Pierce LePage finds success through path less travelled; works towards consistency in the decathlon
He’s never participated at OFSAA for track and field, let alone heard of OFSAA when he was in high school. He didn’t know about the track and field clubs growing up. He’s never won a college or university championship. But despite that, 22-year-old Pierce Lepage has shown that he’s a force to be reckoned with at the world stage.
After winning the silver medal at the 2018 Commonwealth Games, Lepage’s success has come from a different path than many other track and field athletes. While the majority of Team Canada athletes are currently or were previously affiliated with a club or school program, LePage has been training with Gregory Portnoy exclusively, unattached to any programs or clubs.
Whether the athletes train through a track and field club growing or joining a university or college program in school before joining the professional athletics circuit, LePage has stuck with his coach exclusively throughout his young track and field career. The relationship between athlete and coach wasn’t instantly there, but after time, it developed and it showed with LePage’s skills on the track.
“In high school I wanted to train with my coach, but he said I was too young, so I was like “alright, whatever, I’m just going to play video games until he wants to train with me,” which was all I did, just sat there and played League of Legends,” LePage recalls.
“Our relationship kind of evolved, kind of like, ‘ok he’s my coach’ but he’s basically like my dad. He drops off groceries at my house and does a lot of things, he’s one of the best coaches I’ve ever had so it’s great.”
Even after finishing high school, when university athletic programs were lining up for him to join their track and field programs, LePage stuck with Portnoy and hasn’t looked back.
“He has a great track record with athletes, we get along together, we really click,” LePage says, currently a law and society student at York University. “Nothings gone wrong so there’s nothing that needs to change and I really respect him.”

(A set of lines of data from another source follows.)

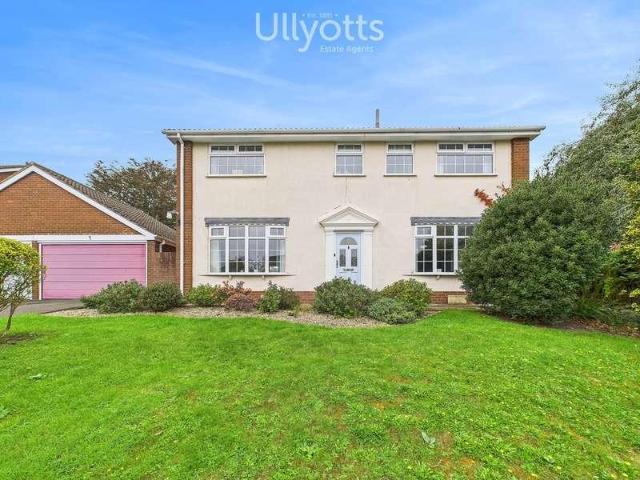 4 bed house for sale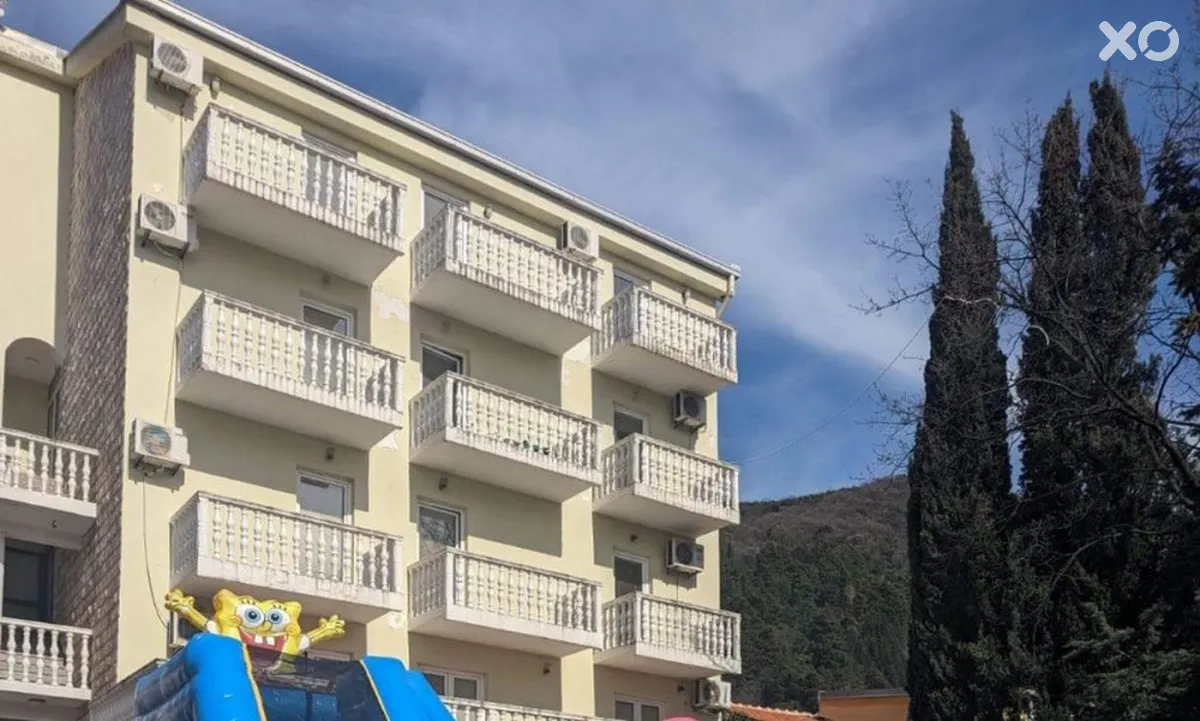 Jana Apartments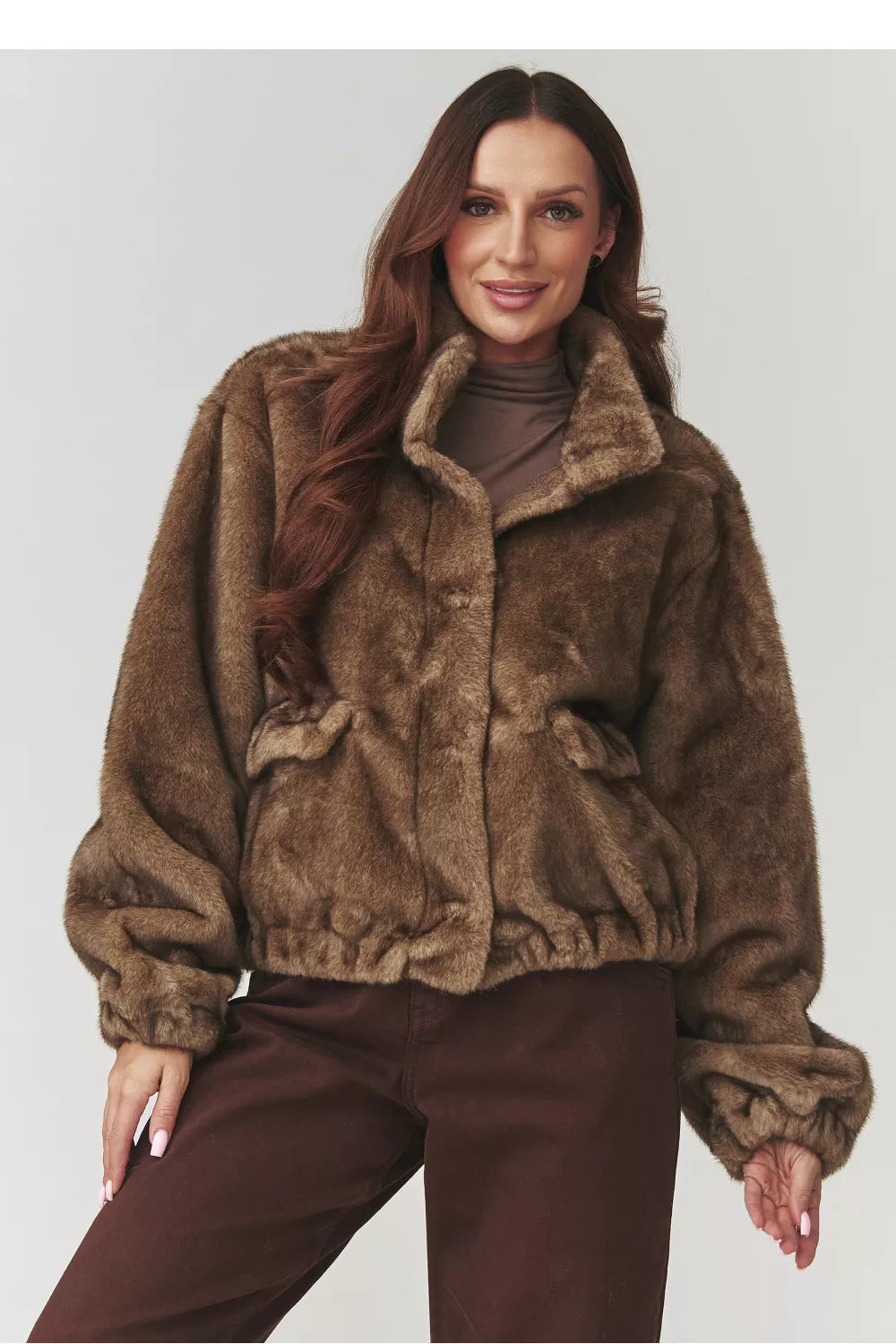 Striukė modelis 220777 Makadamia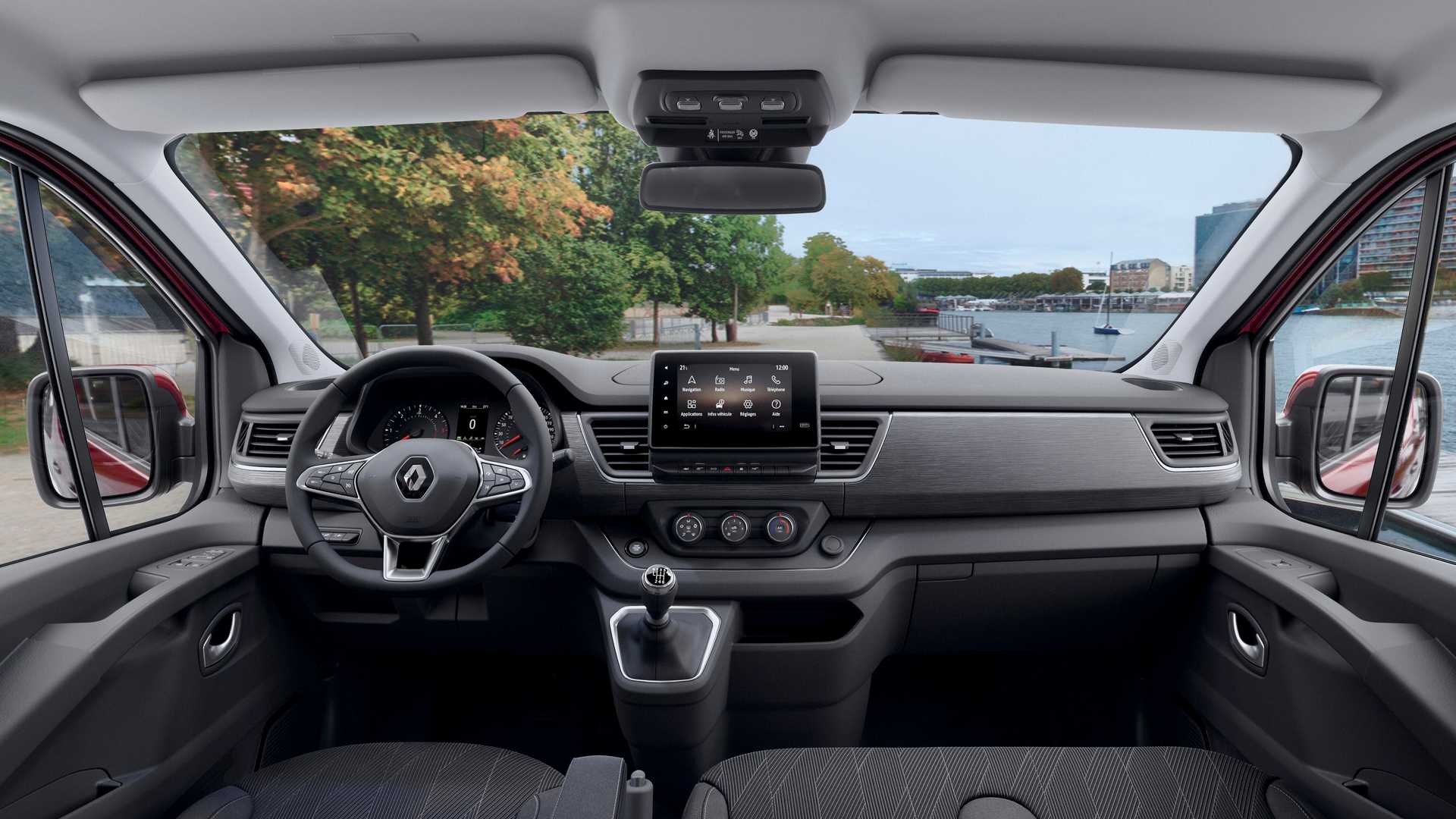 2020-renault-trafic-facelift-interior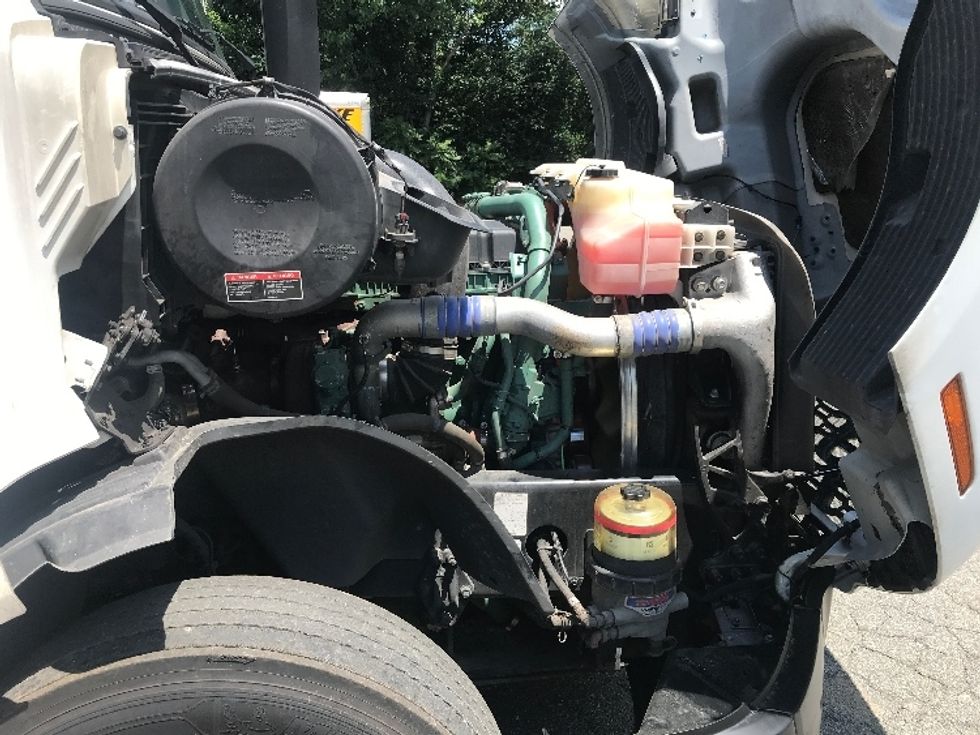 Sleeper Tractor-Heavy Duty Tractors-Volvo-2021-VNL64760-Charlottesville-VA-428,705\n\t\tmiles-$ 75,500 - Image 19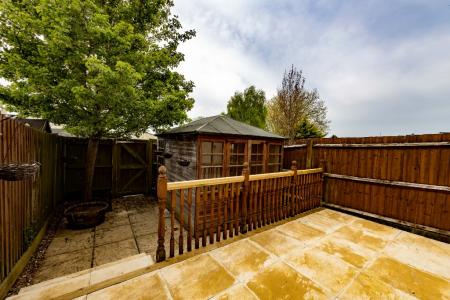 3 bedroom Town house to let in The Firs, Newbury, RG14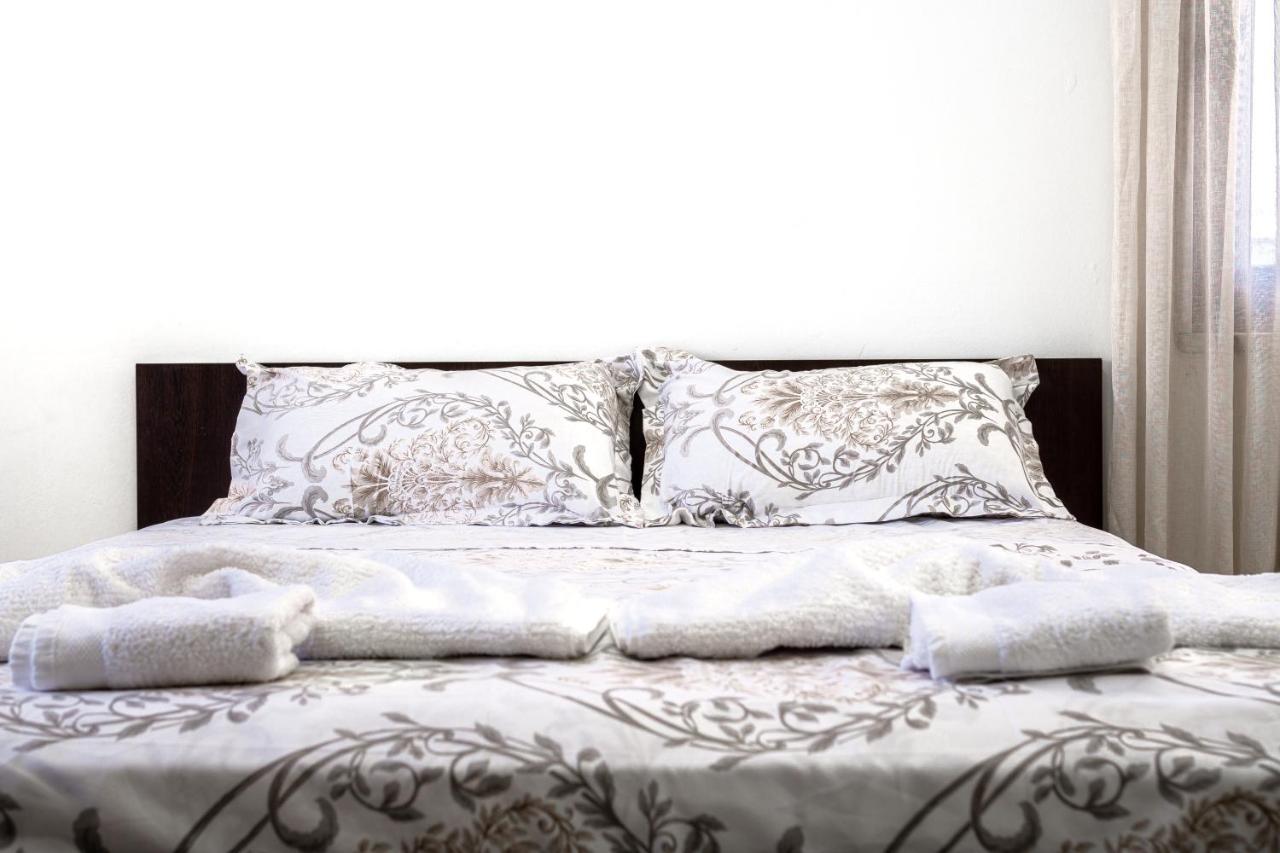 טיראנה City Center Two Private Bedrooms Near Scanderbeg Square On Shared Apartment מראה חיצוני תמונה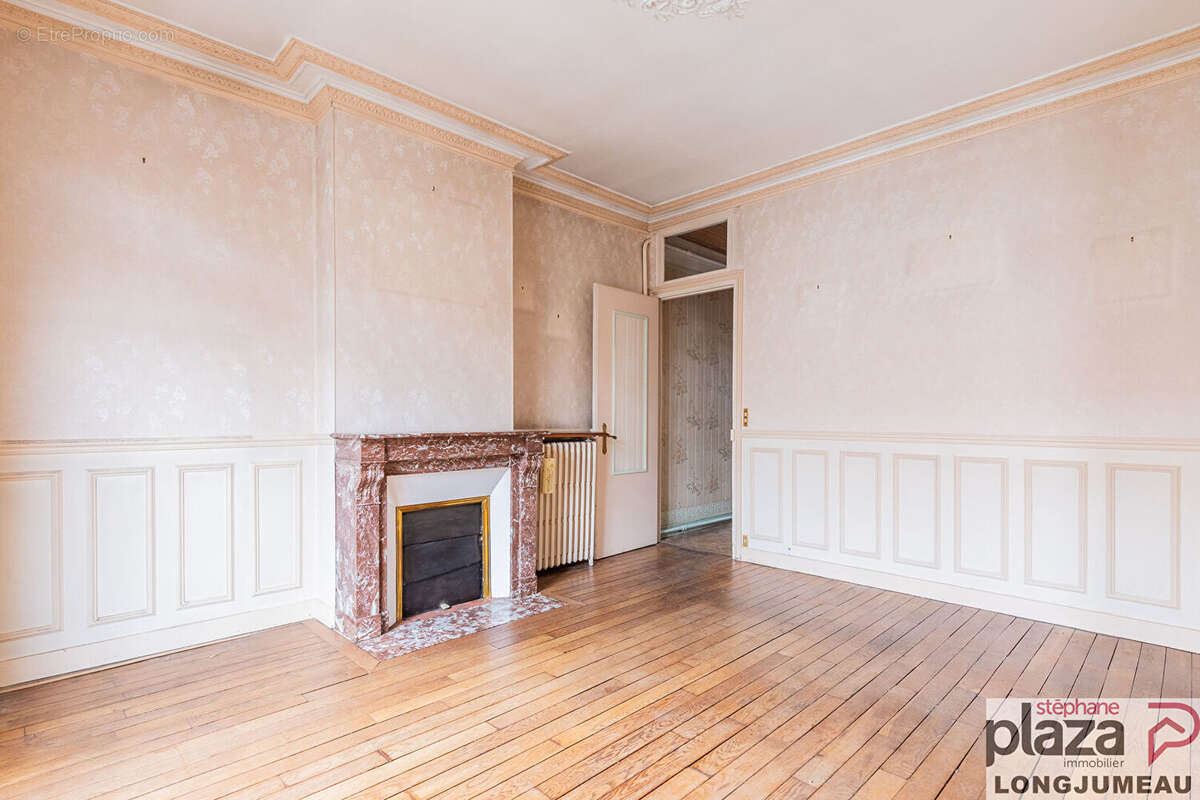 Appartement à LONGJUMEAU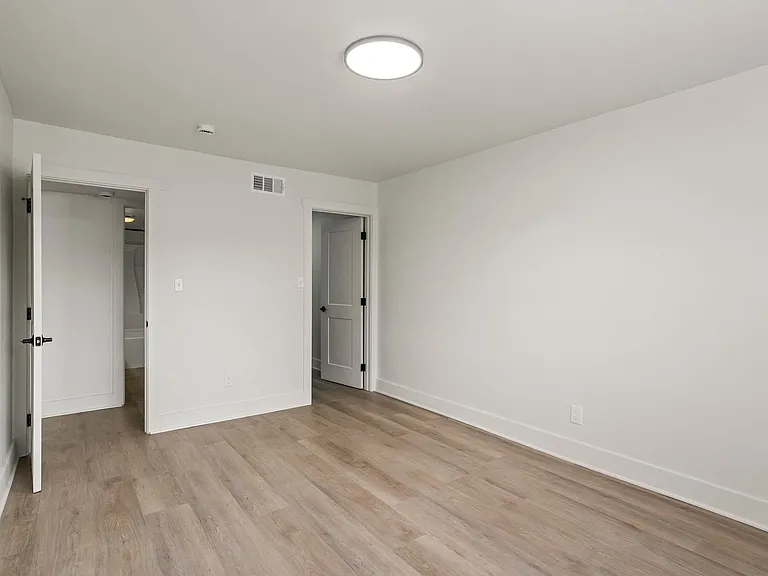 Greenway Trail Apartments — Photo 21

Since then, LePage has quickly rose up the rankings, capped off this year with the silver medal at the Commonwealth Games. He was also mere points away from qualifying for the Rio Olympics, but misses in the Pole Vault derailed his quest for Rio as an athlete. Luckily, he was still able to attend the Games as a RBC Training Ground winner. Since then, LePage says that experience has fuelled him to be more consistent mentally and ultimately, in his results.
“In my decathlons previously, one event goes super well, one event goes poorly and screws everything up, but then in Australia this year, nothing went super great but nothing went super bad so it was a consistent score,” LePage says. “Usually if you’re doing that in the decathlon, you end up with a good score. Being consistent in all ten events, and if something goes wrong you don’t beat yourself up over it, you just keep going onto the next event.”
Taking a break after the Commonwealth Games to recover from an elbow injury, LePage is back in competition this week at the Canadian National Championships in Ottawa, Ont., competing in the men’s 200m on Thursday, followed by the long jump on Friday. Following the national championships, LePage hopes to find a way onto the NACAC Championships Track and Field in the 6ix as well.
“It’s good that it’s in Toronto this year, sadly there’s no decathlon so maybe I’ll be a sprinter for a little bit,” LePage laughs. “I’ve never competed on a big stage in Toronto, and I know it will be a special moment to be able to do it here.”